[What to produce]
Within the lines below, the span from the line with "Golden Rutile Quartz" to the line with "20 Hickory St, Danbury, CT", both ends included, is to be reproduced exactly, with pictures omitted.

[Supplied records]

================

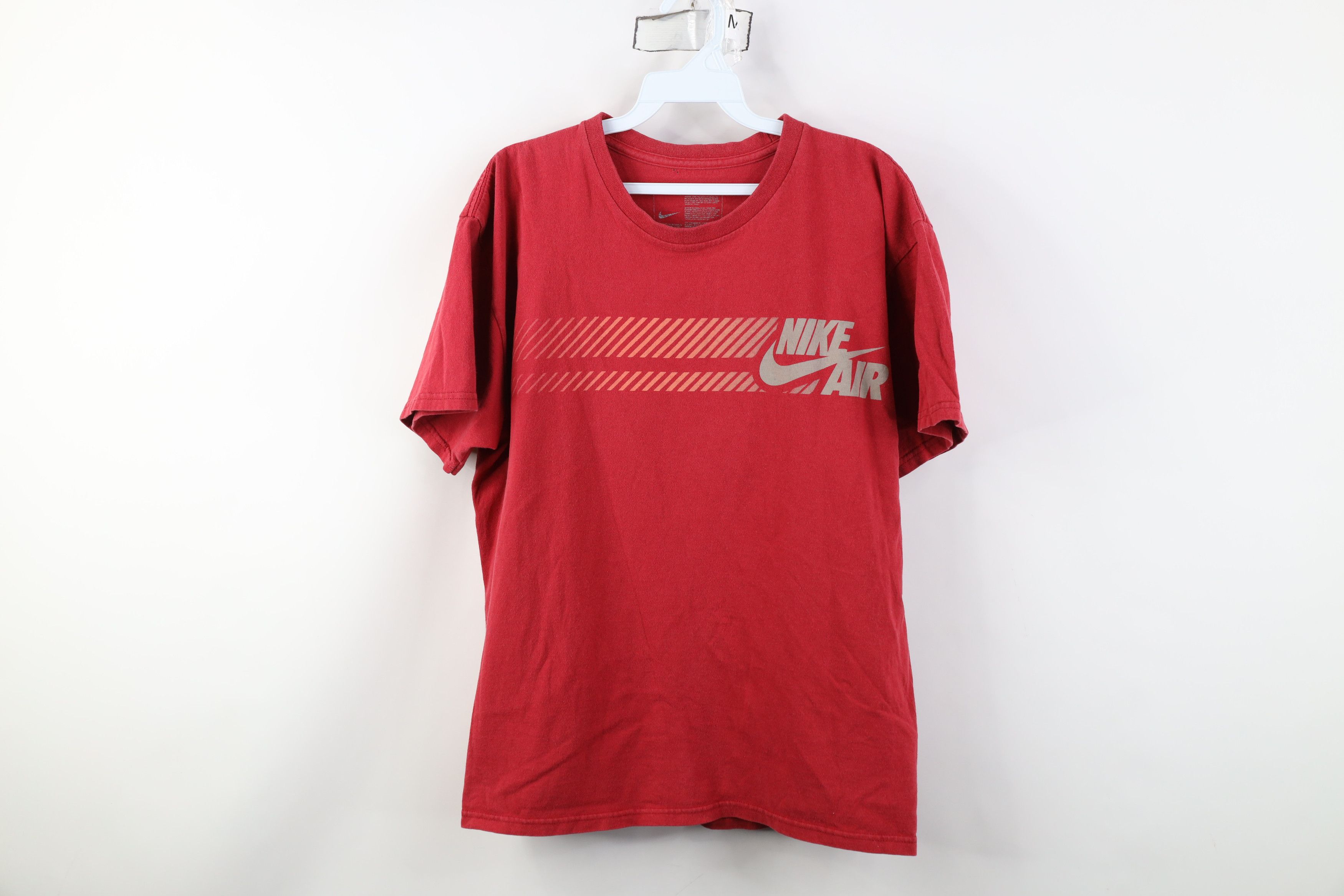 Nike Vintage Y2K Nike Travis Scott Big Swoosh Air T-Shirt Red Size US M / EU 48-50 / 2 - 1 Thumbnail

================

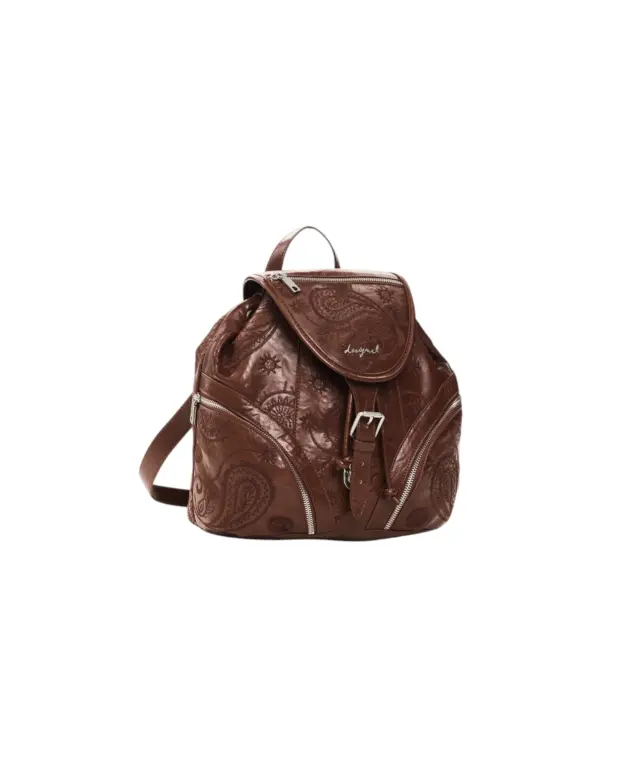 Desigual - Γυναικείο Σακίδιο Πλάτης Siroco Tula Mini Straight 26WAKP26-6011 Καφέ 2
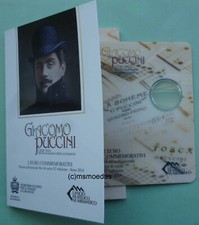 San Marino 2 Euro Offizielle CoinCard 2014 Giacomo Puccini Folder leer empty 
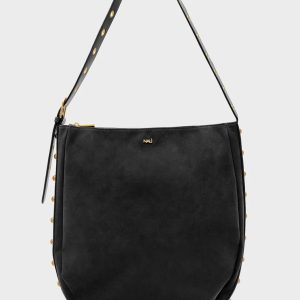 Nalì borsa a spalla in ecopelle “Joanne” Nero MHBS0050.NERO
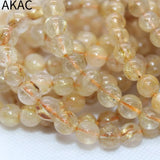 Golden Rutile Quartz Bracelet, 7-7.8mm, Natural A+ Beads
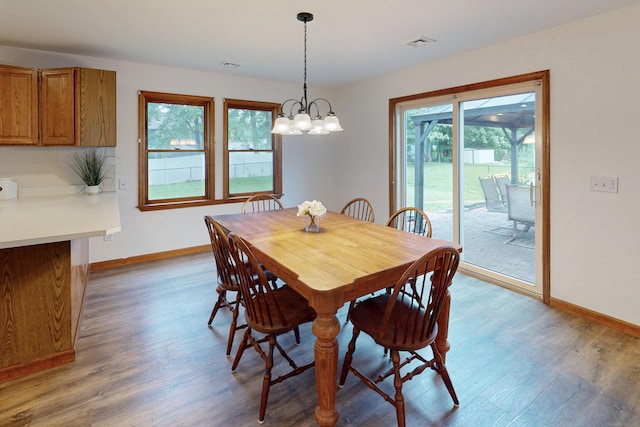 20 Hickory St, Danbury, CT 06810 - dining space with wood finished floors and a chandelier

================

[Answer section]
 Golden Rutile Quartz Bracelet, 7-7.8mm, Natural A+ Beads
 20 Hickory St, Danbury, CT 06810 - dining space with wood finished floors and a chandelier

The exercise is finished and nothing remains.